Well, if you’re a writer, time has a way of twisting itself into a set of never ending challenges. Too often, writers can feel like time is the enemy. It’s the faceless black demon hovering in the shadows. It savours the pain it inflicts on the unsuspecting writer with a disturbing joy…
Sounds a bit dramatic, doesn’t it? Actually, I don’t think so. Here’s why:
Time problem #1: the day-to-day, just can’t get enough…
There’s simply not enough hours in the day. Too many of us have to squeeze our writing in around full or part-time work, looking after children, study, family commitments and basically, life. The result is that time feels like it’s this elusive beast we’re constantly in pursuit of, who expertly disappears around the corner just as we catch sight of him.
Time problem #2: the endless waiting
It’s rather ironic that on one hand we’re constantly pining for more time in our day to get our writing done, yet when we have to endure the pain of the submission process or entering your manuscript in competitions, time feels like it lasts forever.

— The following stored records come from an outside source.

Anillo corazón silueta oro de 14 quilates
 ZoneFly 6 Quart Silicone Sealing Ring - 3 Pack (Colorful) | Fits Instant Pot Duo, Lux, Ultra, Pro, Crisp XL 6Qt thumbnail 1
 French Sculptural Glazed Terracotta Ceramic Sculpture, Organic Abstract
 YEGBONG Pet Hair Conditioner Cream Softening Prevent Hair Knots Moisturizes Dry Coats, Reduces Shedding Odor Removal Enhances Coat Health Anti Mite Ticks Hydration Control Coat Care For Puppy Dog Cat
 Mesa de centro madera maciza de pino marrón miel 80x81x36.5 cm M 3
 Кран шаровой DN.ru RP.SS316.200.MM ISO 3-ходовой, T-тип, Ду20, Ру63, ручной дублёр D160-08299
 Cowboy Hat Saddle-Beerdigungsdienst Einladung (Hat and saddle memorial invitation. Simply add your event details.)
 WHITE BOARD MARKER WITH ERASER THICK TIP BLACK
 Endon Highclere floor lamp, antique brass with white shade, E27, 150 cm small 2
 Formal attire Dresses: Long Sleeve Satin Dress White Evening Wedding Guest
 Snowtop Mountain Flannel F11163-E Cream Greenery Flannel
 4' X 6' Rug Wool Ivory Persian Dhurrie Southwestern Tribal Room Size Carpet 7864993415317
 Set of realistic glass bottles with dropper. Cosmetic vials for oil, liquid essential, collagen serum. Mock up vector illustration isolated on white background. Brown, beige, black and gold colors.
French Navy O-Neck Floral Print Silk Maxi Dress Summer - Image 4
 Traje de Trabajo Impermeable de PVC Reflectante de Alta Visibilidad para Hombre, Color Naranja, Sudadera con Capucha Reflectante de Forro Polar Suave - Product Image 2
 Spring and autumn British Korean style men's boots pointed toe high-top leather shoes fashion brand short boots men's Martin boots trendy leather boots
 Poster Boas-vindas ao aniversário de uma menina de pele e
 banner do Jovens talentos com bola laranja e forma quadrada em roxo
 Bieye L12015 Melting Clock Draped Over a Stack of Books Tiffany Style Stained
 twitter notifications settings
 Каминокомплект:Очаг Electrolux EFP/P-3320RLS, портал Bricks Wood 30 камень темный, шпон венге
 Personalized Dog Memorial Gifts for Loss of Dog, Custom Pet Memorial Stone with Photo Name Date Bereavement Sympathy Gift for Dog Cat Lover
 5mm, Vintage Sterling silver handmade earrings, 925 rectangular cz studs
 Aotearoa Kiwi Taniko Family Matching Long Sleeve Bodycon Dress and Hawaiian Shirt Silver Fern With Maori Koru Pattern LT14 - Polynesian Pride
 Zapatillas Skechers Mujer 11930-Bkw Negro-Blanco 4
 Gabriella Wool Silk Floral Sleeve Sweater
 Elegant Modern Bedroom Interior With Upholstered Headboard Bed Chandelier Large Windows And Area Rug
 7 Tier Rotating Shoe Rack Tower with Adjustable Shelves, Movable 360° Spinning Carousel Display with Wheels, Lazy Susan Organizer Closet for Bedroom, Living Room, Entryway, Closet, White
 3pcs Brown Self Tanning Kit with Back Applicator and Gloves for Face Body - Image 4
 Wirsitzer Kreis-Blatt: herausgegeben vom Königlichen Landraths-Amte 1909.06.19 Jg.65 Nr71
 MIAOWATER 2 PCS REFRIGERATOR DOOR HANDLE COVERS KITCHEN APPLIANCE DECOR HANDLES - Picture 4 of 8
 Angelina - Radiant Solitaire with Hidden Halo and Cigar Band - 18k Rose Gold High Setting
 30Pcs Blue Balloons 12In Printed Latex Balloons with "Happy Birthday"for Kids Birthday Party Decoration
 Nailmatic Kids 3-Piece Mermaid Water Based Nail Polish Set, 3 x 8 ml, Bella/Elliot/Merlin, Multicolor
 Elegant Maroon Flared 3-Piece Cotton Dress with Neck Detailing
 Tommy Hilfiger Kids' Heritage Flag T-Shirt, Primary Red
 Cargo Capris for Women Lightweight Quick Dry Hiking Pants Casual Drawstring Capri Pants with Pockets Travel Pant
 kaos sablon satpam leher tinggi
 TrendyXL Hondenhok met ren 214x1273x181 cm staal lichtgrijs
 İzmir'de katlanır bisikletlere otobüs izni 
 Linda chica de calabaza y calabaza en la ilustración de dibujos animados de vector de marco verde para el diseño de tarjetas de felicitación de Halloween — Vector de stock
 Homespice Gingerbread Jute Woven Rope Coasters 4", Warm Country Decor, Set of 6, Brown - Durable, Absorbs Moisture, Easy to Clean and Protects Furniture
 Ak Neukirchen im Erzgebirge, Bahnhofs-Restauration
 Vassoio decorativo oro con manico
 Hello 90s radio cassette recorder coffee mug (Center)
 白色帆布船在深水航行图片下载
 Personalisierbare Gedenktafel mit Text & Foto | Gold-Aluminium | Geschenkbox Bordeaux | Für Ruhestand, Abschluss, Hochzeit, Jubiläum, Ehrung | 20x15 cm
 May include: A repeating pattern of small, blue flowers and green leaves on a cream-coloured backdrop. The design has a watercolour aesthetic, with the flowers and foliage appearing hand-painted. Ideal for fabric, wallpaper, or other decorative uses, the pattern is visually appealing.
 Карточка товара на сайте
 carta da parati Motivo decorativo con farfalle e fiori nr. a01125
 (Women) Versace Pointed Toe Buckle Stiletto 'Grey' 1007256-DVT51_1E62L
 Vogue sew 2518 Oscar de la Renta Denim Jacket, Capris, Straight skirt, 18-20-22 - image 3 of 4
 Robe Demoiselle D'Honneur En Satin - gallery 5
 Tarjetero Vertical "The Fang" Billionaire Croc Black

Turnaround times for submission replies usually run into the months. With time, the manuscript that seemed so burning, so ‘right now,’ ebbs into a distant memory. Sure, you put a lot of work into it at the time, but now the months (or possibly years) have passed trying to get it out there, you’re on to a new story idea which you’re certain, this time, will be a winner…
Time problem #3: blink and you miss it
Before you know it, you’ve dedicated years to your writing ambition. If you’re lucky, you’ll have something to show for it: a few finished books, maybe you’re even published. Or perhaps you’ve got a bunch of almost there manuscripts sitting in your bottom drawer? Either way, the writing bug you’ve caught eats time like cookie monster puts away cookies. You find it hard to believe that you’ve been working at it so long. Where did that time go?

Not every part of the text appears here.